For most older hunters dove used to mean mourning doves.
White-winged dove, the state’s other most common species, were an exotic species limited to the Rio Grande Valley for just two weekends of hunting in September.
A freeze in the 1950s caused a shift in agriculture from fruit orchards to crops in the region, but until the early 1980s the whitewings stayed clustered in South Texas. There were an estimated 3 to 5 million whitewings, about a quarter the size of Texas’ mourning dove population, living in the Valley.
Then the birds began to scatter to the four corners of the state. Initially they were off limits to hunters. Federal guidelines only covered whitewings in the Valley. There were no rules or regulations for them in the remainder of the state.
In the 1990s the whitewing population scales tipped and there were more of the birds nesting outside the Valley then in it. Most of those were initially found inside San Antonio and Austin, but enough were finding their way into the fields that hunters were permitted to take six a day as part of their regular daily limit.

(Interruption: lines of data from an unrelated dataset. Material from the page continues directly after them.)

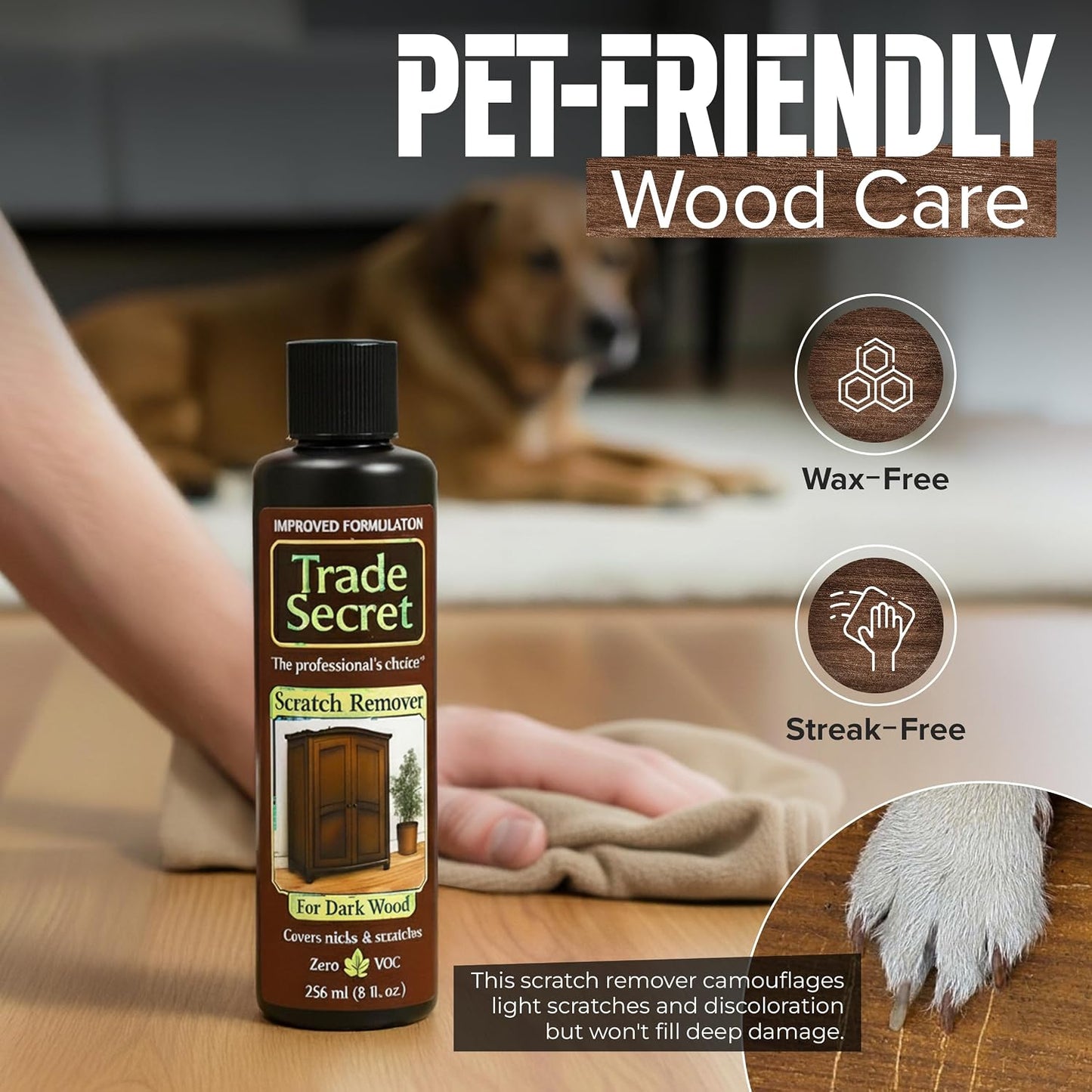 Trade Secret Scratch Concealer for Dark Wood Furniture & Floors – Dark Brown Shade Stain Covers Nicks, Scuffs, Dog & Cat Scratches, Minor Defects – Real Wood Only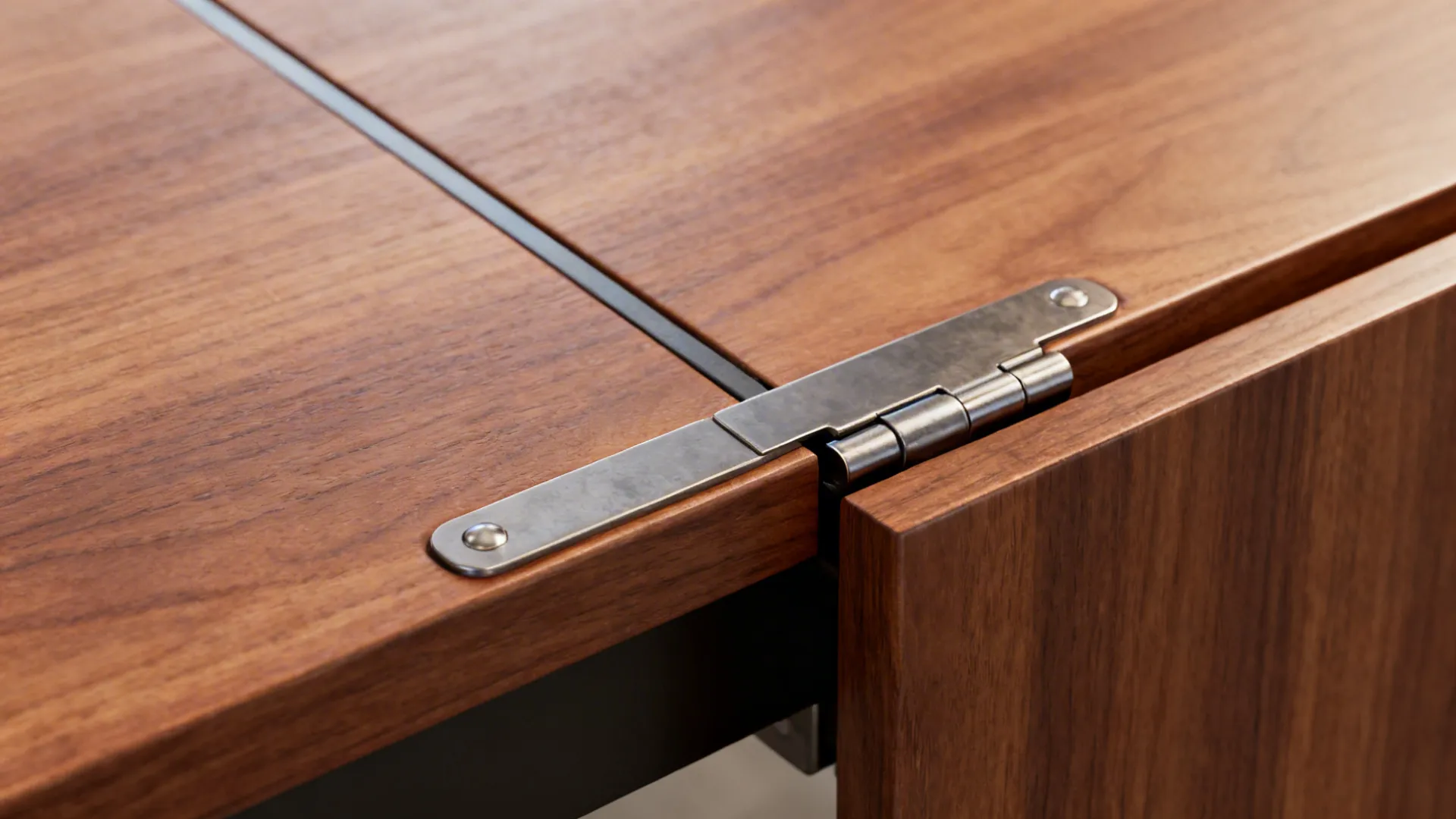Close up of a metal hinge connecting two pieces of a dark brown wooden table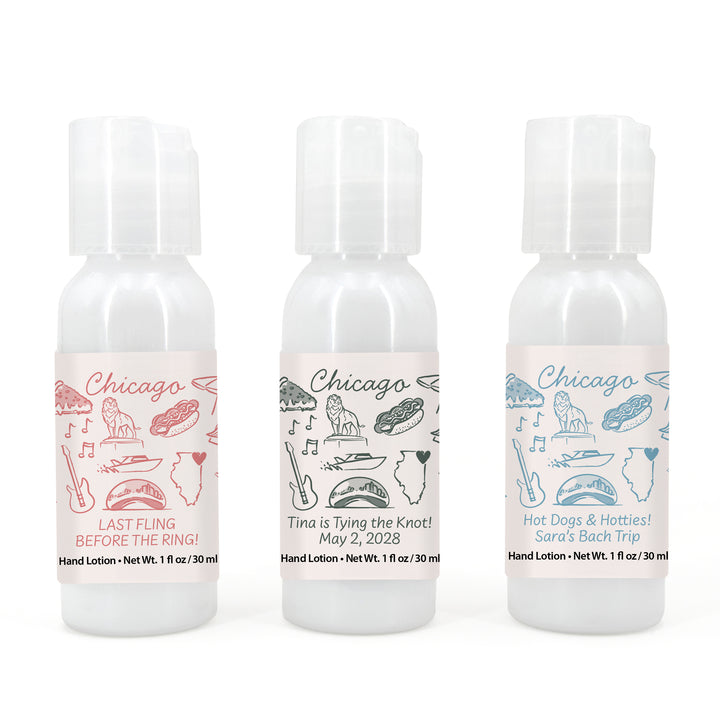 Custom Hand Lotion Wedding Favors, Girls Trip, Chicago Bachelorette Hand Lotion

In the mid-1990 restrictions were removed and hunters were allowed as many whitewings as they could take within the regular limit outside the Valley. There was even talk at one time of a separate limit for mourning dove and whitewings.
During the early expansion statewide the birds were still more a novelty, but as the whitewing count expanded in cities like Fort Worth, Waco and Lubbock in the last decade they suddenly had a target on them.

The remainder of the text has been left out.